Over the years, just enough small research contracts have come in to keep the company, and the hope for its eventual stability and success, alive — if sometimes on life support. And several times, it’s looked as if big contracts were about to follow. But politics, changes in program management within the military and the sheer difficulty of introducing radically new technology ideas have combined to keep the company from getting those bigger contracts that might prove, once and for all, whether or not the company’s ideas would work.
Yet, at the age of 83, Miller keeps fighting. He’s part of a research consortium with the University of Maryland that’s applying for funds for a WASP/DynASTOL development program. He’s also looking for a home (and philanthropic support) for the original Aereon 26, which still sits quietly in a New Jersey hangar.
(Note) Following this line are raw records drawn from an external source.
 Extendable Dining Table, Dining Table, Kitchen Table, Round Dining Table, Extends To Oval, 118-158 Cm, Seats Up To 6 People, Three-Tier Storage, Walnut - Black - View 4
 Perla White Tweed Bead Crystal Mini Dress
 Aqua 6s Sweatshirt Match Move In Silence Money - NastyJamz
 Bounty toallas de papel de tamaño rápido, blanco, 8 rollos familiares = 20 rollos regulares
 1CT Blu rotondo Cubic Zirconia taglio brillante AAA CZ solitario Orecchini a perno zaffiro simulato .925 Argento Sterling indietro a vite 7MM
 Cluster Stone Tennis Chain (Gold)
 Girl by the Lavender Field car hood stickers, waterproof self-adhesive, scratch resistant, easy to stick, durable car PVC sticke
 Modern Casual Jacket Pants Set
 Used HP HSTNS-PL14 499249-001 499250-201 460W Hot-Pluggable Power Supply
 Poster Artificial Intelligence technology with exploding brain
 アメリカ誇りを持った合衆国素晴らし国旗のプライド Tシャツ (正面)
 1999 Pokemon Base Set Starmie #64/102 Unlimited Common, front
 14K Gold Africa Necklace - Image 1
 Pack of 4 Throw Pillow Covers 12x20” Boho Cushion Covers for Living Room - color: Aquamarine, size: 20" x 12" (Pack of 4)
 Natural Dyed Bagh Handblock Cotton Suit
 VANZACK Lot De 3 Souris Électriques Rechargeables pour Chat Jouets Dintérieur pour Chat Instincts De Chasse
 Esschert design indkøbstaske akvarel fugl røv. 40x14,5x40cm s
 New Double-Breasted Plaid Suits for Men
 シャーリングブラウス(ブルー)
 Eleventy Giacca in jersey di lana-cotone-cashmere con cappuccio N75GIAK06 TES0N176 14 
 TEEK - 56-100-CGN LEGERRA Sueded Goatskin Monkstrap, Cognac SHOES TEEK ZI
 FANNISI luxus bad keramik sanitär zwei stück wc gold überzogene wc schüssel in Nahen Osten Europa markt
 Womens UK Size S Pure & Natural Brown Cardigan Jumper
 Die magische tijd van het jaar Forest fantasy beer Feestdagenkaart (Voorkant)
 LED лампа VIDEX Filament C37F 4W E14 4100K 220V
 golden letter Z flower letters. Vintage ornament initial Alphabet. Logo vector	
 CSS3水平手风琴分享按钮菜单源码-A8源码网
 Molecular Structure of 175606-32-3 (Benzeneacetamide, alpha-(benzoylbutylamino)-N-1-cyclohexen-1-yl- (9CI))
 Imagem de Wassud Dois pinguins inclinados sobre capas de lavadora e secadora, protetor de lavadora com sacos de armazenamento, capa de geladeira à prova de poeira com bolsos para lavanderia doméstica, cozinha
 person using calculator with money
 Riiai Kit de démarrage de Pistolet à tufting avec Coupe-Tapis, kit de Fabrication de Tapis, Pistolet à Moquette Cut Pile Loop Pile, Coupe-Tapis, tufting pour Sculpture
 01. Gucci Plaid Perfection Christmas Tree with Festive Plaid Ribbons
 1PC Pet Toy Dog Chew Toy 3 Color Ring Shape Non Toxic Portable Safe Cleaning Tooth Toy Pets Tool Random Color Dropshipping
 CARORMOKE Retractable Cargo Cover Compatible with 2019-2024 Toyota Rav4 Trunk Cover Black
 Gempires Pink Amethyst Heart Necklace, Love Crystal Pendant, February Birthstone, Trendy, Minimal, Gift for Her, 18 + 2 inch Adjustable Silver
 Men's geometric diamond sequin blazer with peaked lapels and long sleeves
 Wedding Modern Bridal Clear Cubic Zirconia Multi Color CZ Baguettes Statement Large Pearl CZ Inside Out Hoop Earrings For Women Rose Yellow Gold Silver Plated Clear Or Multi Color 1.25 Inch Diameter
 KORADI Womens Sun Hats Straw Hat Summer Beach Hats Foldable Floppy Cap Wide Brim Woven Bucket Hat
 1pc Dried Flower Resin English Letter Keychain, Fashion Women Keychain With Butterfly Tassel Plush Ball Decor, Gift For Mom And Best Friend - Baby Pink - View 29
To many, William Miller would seem to have crossed a line — perhaps long ago — from rational dedication to irrational obsession. But where is that line? And how do we determine it? When I asked him why he continued, against all odds and obstacles, his answer wasn’t simple.
"I really believe in the technological vision of what we've invented, and I want to see the fulfillment of the company's potential," he said. "The inability to get traction does not negate the worth of the concept that's motivating you to try to get the traction."
But the commitment goes far deeper than that. Miller characterizes Aereon as a "school of prayer" for himself.
“Our culture is so geared for short-term reward,” he says. “It gears people to payoffs that are in their tenure. Tenacity does not get rewarded. But that’s directly opposite to Aereon’s nature. Aircraft have a gestation and birth cycle that’s long, and it has to be sustained in spite of the impatience of everyone else.”
Miller sighs. “I’ve been very discouraged at many times,” he admits. “Bringing something new to birth is a noble thing, and it deserves honorable support, but it is a very difficult thing. My goal is” — he pauses — “to be faithful to the effort, and to the responsibility and trust others have placed in me.”
Even after eight hours of conversation, I found myself unable to decide on which side of the line Bill Miller stood. I also found myself wondering where visionaries and true believers like Miller come from. Does every field have its Lilienthals, Chanutes, Molt Taylors and Bill Millers? Somewhere out there, were there inventors trying crazy-sounding schemes to build new or better railroad engines, beer breweries, apartment buildings or waste treatment plants? Or does aviation have more than its share of bold and passionate inventors and experimenters?
I don’t know. But I think we’re lucky to have them among us. And as I left Aereon’s offices and stepped out into a cold and snowy night, I couldn’t help thinking that if all CEOs had Miller’s sense of long-term responsibility and commitment, the world would be a better place.